Business social networking

Visible Path is taking a somewhat different approach to social networking. Armed with several million dollars in venture capital (including $10 million from Menlo Ventures and $5 million from Kleiner Perkins), the company is less interested in the six-degrees approach employed by LinkedIn and more interested in what can be gleaned from communications in which you’ve already engaged. According to a two-minute Flash animation on the Visible Path website that explains the concept, the software analyzes email, instant messages, and other communications you’ve sent and received to map the strengths of your relationships (all, apparently, without actually reading the content of those messages; the company stresses respect for privacy).

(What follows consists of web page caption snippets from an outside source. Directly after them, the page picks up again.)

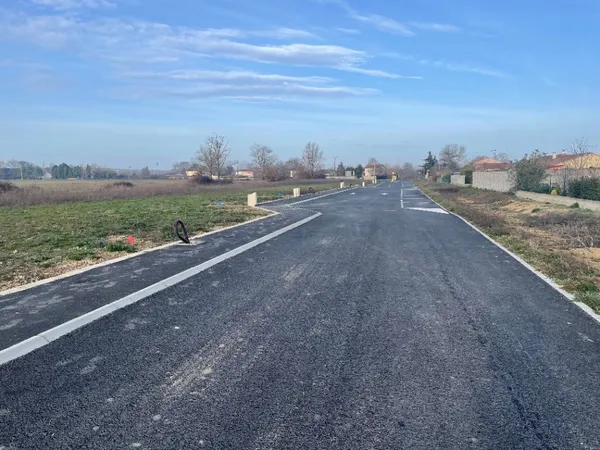 Terrain 583 m²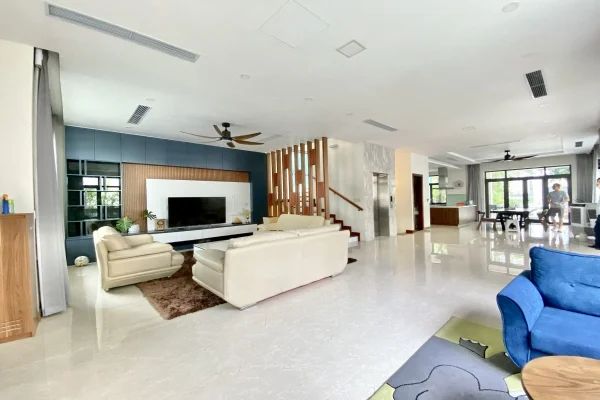 Cho thuê đơn lập Vinhomes Riverside phong cách hiện đại, full đồ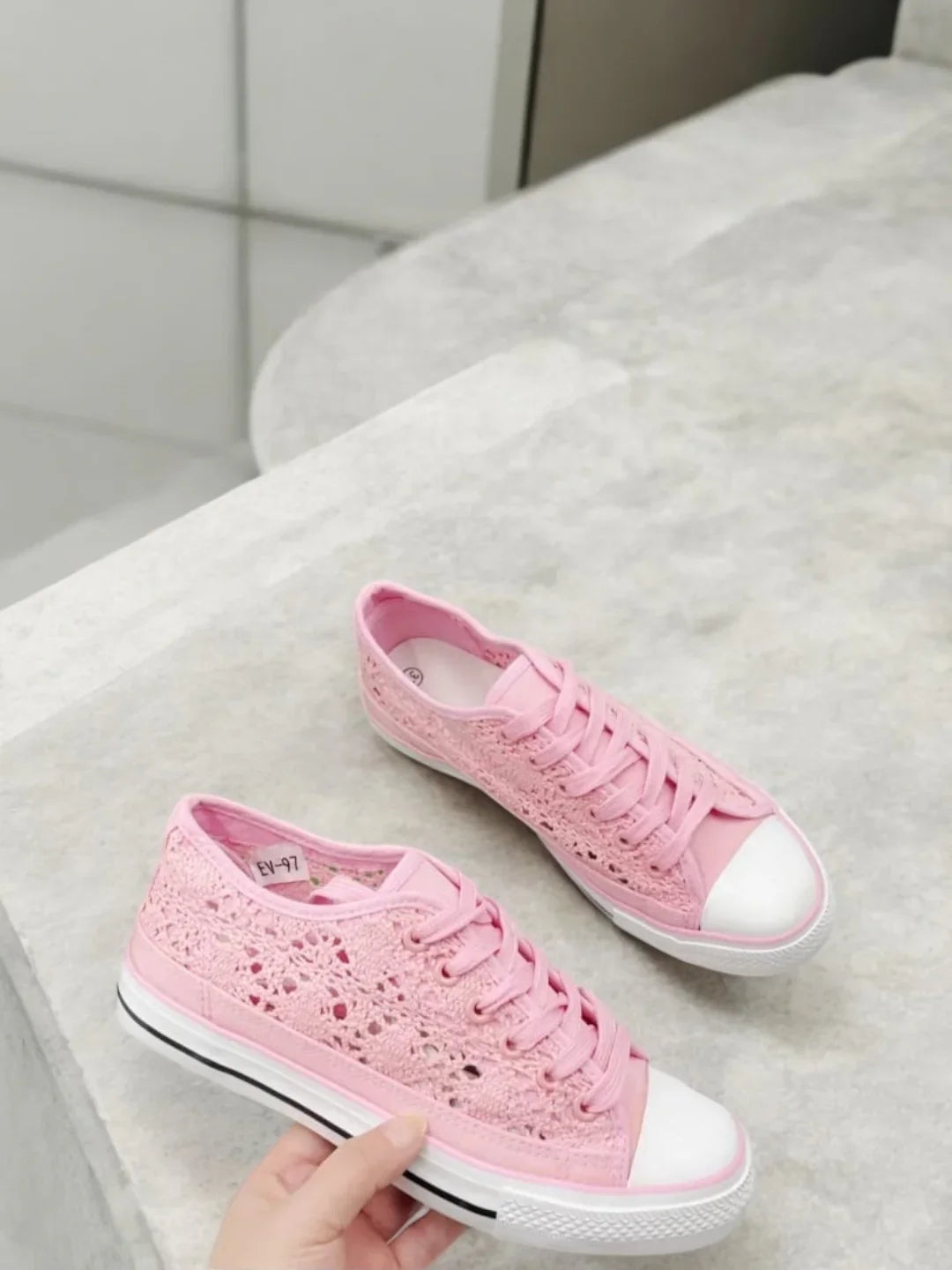 Chaussures baskets basses à dentelle rose en tissu style converse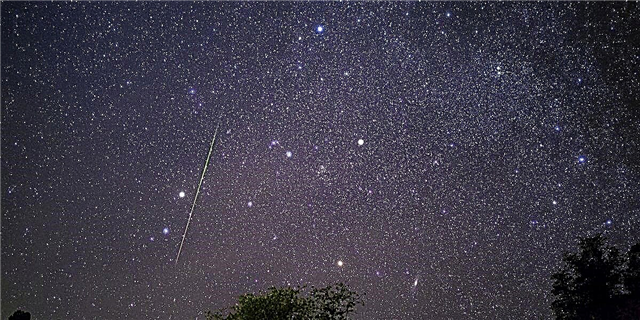Тағы бір метеор душ - аспан түнінде жарықтандыру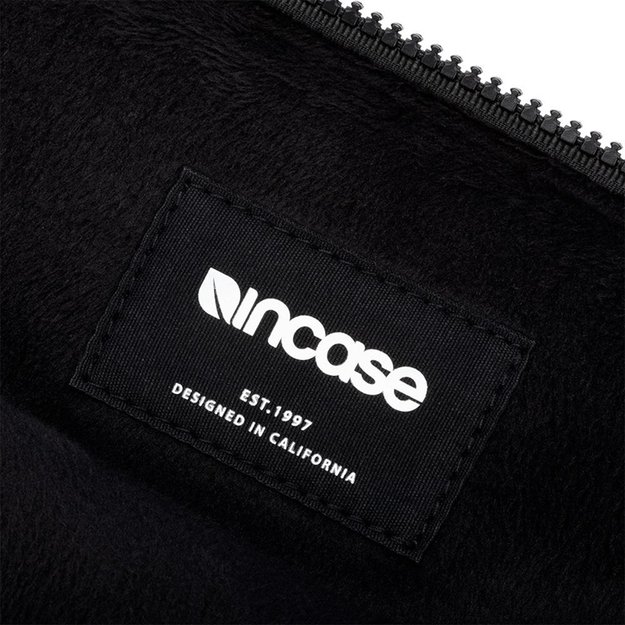 „Incase Compact Sleeve“ iš Woolenex – „MacBook Pro 13“ (M2/M1/2020-2012) / „MacBook Air 13“ (M3/M2/M1/2024-2018) (grafitas) dėklas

By mapping those relationshyips, Visible Path claims it can help employees connect with others with whom they want to do business, such as a sales rep looking for an entree into a prospective customer. Visible Path sees corporations as its customer base rather than individuals, which is the model for LinkedIn and most other social networking ventures.

I’m curious to see how many corporations buy into the online social networking concept. Individual employees who understand the value of social networks are accruing benefits not only to themselves (while job-hunting, for example, one of the main activities on LinkedIn), but also to their companies as they establish new connections. But as a corporate purchase, I’m a bit skeptical that those in the position to authorize a corporate expense will truly comprehend what social networking can do for an organization. I suspect some smaller, more nimble companies with younger, tech-savvy leaders may sign on, but I’ll be surprised if many of the Fortune 1000 make the same commitment. I hope I’m wrong, though, and I wish Visible Path all the best.

What disappoints me is that Visible Path isn’t what I thought it was when I first read a brief description that alluded to “enterprise” social networking. To me, that means within the organization. I am convinced that there is tremendous potential in an all-internal social networking platform for large organizations that lets employees get knowledge and information, and make connections, among themselves. While there social networks can certainly coalesce around blogs, wikis, and other social media tools applied internally, I’d still like to see the LinkedIn or Visible Path concept applied to organizational knowledge management and communication efforts.